In February BUZZ reported a Town Planning Board (TPB) application to build a “hobby farm” in Kei Ling Ha Lo Wai in a Coastal Protection Area (CPA) in Three Fathoms Cove. A number of Chinese language media have recently highlighted the company heading this application, and the potential impact that it, and associated developments, mean for the area. Apple Daily reports that a local landlords with large holdings are buying up the area and plan to use 20,000 sq. ft. as a private park. A number of environmental groups are worried about the development, as it is near a Site of Special Scientific Interest (SSSI), and will affect the flow of sewage as well as affecting mud flats and mangroves, causing an ecological disaster.
Kei Ling Ha lies off of Sai Sha Road. It is at the western side of Three Fathoms Cove. There are coastal mudflats with a narrow mangrove forest, known for its scenic beauty. Around 48 hectares of the area part of a Site of Special Scientific Interest. Apple Daily has found that Companies Registry data show that Instinct Investment Co., Ltd. (智力投資有限公司) and BP Group Co., Ltd. (龍堡集團有限公司) spent over $10 million to purchase more than 36,000 sq. ft. of land along the coast in 2006 and 2014. A Mr Wong (黃才平), a local land owner and developer is a director and shareholder of Instinct Investment and also a shareholder of BP Group.
According to conservationists, since 2014, over 20,000 sq. ft. of the area has been destroyed with some agricultural structures built. Some local villagers said that culprit is a “local squire”. They were afraid to talk to the media.
As BUZZ reported, TPB received and application in January this year to develop the area along the Kei Ling Ha Lo Wai waterfront. The application requests permission to construct a temporary sports entertainment venue (Leisure/Hobby Farm), on an area of about 20,000 sq ft. The applicant claims that the project is an environmentally friendly organic farm, planting organic vegetables, charging visitors an entrance fee, and all sewage will be processed through septic tanks.

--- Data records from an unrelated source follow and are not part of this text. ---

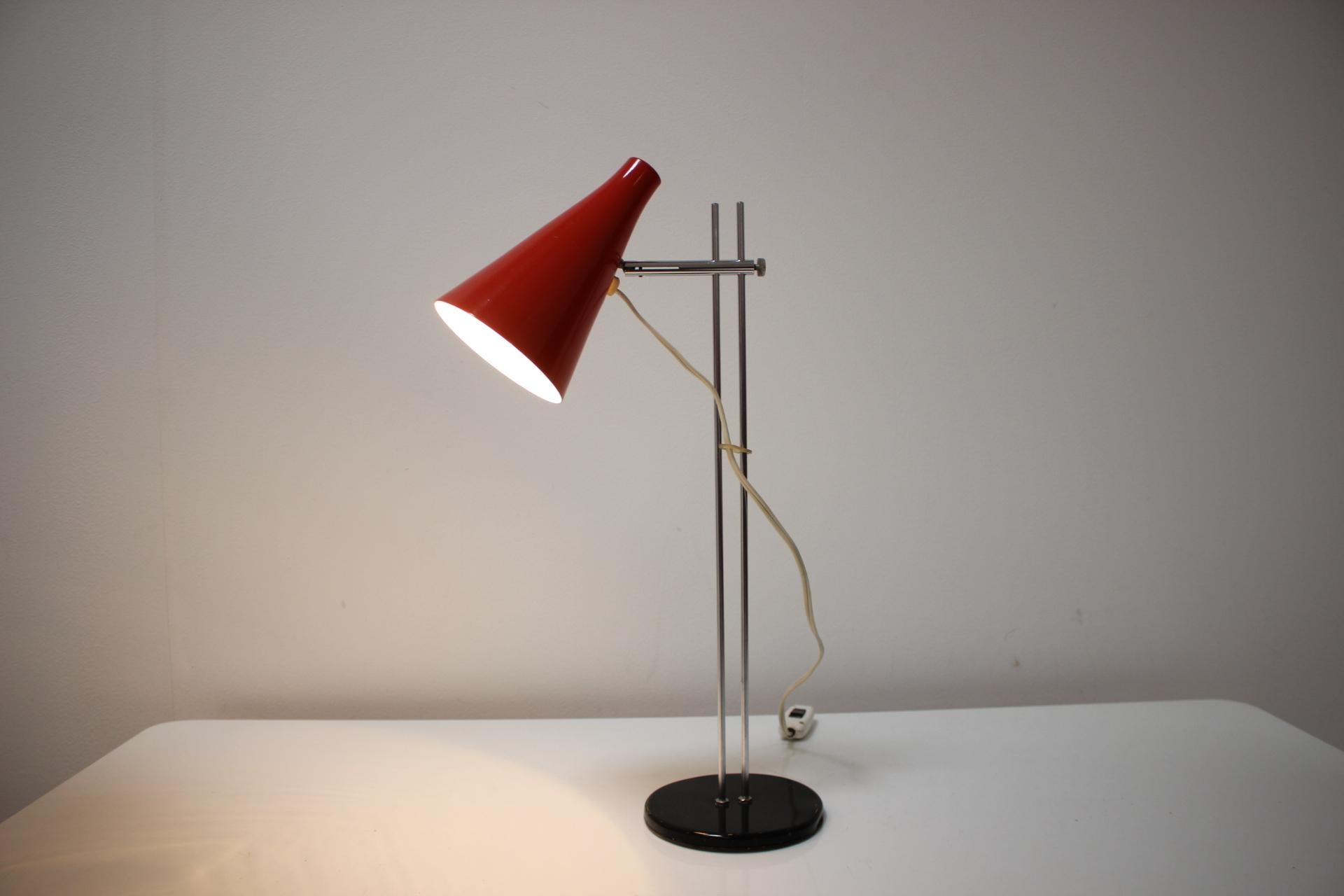 Mid-Century-Tischlampe, entworfen von Josef Hurka, 1960er Jahre im Angebot 6
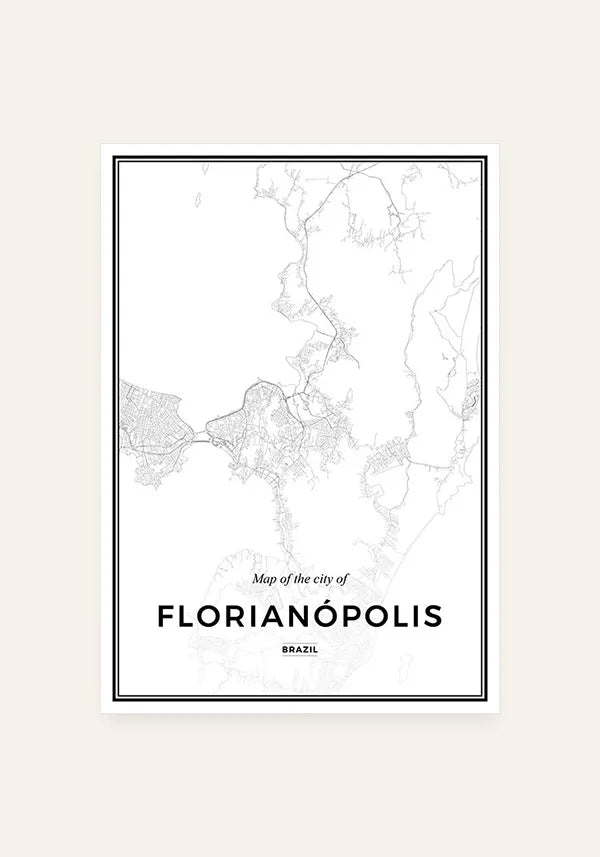 Quadro Mapa de Florianópolis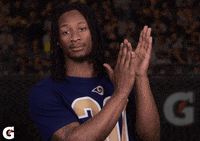 Los Angeles Rams Applause GIF by Gatorade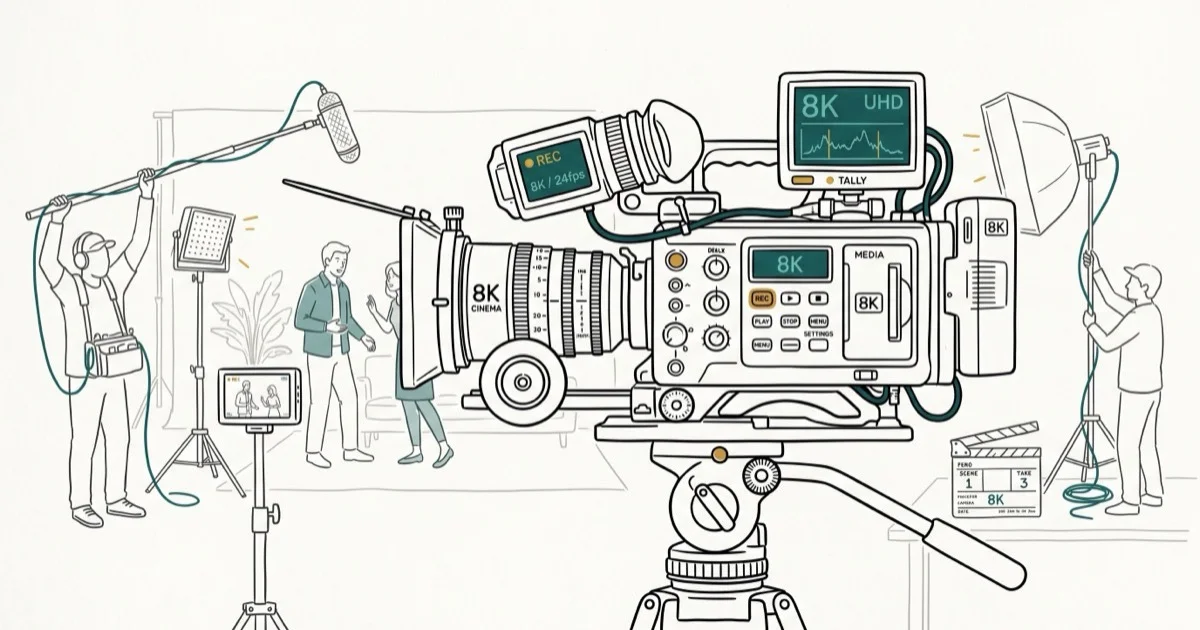 Best 8K Cameras in 2026: Top Picks for All Filmmakers cover image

When reporters visited the area last month, it was clear that the place had been recently tidied up. However, the Conservancy Association has a different point of view. They consider discharged sewage from the farm as well as the increase in numbers of visitors to the area will affect the ecology of the mud flats.
After complaints to the Environmental Protection Department (EPD) were received about the state of the place in April last year it seems some government officials visited the area and found signs of contamination, as well as other violations of the pollution ordinances. EPD has provided a report to TBP about water quality, waste management and noise mitigation and these will be taken into account when the TPB meets. This was scheduled for early March but the applicant has requested a deferment.